§ YOUR GOAL: Please write out exactly the lines of the data below from the line holding "Detection of human" through the line holding "Western blot testing", and leave out the rest.

### INFORMATION GIVEN ###

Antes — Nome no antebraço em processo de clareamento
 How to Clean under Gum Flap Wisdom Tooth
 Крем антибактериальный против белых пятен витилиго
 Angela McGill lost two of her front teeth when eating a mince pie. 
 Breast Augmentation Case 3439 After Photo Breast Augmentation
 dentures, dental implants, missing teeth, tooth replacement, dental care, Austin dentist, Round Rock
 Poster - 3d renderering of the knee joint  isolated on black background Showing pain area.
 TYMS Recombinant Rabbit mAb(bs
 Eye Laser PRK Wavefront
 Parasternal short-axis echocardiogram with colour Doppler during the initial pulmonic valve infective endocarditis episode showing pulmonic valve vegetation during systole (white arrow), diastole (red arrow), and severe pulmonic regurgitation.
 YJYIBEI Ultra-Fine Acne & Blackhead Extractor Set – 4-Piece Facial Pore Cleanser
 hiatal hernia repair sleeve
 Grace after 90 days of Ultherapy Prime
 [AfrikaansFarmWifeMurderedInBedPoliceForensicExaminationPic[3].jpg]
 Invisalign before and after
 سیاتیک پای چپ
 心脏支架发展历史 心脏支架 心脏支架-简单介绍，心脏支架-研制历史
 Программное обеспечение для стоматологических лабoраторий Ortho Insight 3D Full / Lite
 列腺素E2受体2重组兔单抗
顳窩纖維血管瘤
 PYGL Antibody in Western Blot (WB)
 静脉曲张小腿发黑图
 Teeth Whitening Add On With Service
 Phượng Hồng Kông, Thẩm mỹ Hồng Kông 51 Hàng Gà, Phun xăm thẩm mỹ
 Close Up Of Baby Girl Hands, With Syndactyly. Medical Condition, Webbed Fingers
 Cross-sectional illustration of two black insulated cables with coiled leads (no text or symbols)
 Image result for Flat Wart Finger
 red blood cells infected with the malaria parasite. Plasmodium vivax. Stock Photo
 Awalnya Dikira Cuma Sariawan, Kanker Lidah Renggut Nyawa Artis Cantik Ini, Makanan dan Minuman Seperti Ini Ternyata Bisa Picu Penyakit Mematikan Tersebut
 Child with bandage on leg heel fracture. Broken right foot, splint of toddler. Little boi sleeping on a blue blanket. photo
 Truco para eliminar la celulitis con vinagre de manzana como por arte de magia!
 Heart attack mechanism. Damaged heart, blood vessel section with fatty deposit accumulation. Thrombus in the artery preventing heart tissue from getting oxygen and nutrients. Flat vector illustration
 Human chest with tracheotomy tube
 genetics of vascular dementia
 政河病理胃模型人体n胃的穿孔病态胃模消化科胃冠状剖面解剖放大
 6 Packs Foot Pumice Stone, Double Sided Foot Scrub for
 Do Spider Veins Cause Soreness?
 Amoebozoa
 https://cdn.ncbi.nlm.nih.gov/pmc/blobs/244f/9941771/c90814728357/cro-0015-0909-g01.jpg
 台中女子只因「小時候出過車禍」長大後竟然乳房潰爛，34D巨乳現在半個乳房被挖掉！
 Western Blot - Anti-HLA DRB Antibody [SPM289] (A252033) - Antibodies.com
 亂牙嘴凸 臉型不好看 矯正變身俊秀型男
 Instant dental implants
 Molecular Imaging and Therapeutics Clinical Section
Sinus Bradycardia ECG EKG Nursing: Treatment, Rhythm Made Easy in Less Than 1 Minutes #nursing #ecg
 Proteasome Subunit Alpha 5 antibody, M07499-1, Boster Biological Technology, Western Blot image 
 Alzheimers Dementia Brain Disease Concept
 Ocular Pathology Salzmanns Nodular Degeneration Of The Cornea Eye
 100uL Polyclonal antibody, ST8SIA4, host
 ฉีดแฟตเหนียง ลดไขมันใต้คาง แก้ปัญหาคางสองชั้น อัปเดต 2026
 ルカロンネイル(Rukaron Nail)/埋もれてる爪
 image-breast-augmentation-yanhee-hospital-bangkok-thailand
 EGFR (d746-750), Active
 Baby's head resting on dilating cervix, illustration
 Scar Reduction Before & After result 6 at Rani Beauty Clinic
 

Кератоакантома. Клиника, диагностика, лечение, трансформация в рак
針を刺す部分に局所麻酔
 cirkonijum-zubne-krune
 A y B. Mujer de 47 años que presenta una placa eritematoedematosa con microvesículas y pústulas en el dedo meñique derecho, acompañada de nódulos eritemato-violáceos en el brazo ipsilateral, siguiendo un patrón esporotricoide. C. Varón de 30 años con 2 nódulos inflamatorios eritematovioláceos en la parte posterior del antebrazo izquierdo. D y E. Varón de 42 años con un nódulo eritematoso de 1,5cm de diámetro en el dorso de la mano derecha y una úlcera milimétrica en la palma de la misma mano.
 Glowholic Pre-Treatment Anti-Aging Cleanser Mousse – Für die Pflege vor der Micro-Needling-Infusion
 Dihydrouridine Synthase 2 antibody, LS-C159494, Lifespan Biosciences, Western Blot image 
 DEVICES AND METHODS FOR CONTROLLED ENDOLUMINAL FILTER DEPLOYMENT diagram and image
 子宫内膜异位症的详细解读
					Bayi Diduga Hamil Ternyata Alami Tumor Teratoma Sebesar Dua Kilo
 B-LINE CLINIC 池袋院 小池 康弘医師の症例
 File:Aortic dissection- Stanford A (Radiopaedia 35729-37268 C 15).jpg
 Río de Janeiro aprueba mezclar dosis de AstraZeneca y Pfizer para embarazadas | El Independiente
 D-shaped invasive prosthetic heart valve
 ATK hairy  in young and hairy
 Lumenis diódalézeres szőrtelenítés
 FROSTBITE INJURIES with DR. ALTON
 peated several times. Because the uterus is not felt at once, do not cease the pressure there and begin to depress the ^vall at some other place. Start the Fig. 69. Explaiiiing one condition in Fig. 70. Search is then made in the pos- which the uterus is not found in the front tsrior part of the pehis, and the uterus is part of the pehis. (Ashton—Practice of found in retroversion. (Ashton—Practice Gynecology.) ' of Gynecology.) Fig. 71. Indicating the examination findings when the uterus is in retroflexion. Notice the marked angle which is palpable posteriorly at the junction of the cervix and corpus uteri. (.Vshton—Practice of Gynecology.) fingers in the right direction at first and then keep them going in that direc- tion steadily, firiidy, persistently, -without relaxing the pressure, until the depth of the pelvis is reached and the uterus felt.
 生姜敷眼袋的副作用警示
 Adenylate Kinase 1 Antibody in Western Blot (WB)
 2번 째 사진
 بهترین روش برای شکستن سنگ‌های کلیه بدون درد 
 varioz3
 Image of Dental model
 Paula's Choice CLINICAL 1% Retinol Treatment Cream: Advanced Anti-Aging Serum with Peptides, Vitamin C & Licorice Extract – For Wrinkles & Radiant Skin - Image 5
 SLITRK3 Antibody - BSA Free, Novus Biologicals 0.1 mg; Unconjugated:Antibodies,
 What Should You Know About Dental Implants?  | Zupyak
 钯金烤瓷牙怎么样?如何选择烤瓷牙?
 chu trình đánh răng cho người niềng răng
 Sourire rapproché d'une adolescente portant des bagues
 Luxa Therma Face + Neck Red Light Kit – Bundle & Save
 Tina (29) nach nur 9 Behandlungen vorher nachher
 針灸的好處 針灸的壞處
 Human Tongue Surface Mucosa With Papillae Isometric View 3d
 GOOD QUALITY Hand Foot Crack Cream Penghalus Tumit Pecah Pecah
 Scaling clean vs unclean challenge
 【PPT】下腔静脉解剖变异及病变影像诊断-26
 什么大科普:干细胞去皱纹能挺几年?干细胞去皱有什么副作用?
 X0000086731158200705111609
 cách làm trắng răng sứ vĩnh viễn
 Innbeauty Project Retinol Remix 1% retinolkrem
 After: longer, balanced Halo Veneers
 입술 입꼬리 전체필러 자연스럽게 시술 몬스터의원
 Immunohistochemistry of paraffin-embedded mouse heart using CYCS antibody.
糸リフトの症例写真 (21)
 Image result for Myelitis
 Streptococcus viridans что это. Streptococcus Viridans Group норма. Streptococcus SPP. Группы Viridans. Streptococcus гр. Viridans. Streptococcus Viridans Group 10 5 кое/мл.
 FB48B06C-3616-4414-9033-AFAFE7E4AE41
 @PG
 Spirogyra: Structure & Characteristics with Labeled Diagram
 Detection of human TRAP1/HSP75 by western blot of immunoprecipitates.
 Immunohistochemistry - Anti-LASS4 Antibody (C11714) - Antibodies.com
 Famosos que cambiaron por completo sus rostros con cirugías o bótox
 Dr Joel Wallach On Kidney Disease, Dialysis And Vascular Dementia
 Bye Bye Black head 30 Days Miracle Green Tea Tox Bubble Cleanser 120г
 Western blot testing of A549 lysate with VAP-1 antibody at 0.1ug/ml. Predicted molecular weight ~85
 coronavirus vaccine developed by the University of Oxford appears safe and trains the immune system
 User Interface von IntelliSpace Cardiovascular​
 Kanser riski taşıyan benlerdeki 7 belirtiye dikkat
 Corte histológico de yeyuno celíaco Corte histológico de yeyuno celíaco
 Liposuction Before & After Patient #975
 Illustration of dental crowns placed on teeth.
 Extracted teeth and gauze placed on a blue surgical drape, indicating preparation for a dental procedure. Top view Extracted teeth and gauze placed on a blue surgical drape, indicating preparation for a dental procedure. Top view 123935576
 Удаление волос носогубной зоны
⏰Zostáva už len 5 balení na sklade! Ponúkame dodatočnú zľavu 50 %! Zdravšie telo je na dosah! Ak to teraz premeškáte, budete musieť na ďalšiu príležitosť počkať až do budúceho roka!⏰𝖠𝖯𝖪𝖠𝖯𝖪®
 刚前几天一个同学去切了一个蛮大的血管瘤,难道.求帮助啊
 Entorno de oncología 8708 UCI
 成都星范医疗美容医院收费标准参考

###

§ WRITTEN RESPONSE:
 Detection of human TRAP1/HSP75 by western blot of immunoprecipitates.
 Immunohistochemistry - Anti-LASS4 Antibody (C11714) - Antibodies.com
 Famosos que cambiaron por completo sus rostros con cirugías o bótox
 Dr Joel Wallach On Kidney Disease, Dialysis And Vascular Dementia
 Bye Bye Black head 30 Days Miracle Green Tea Tox Bubble Cleanser 120г
 Western blot testing of A549 lysate with VAP-1 antibody at 0.1ug/ml. Predicted molecular weight ~85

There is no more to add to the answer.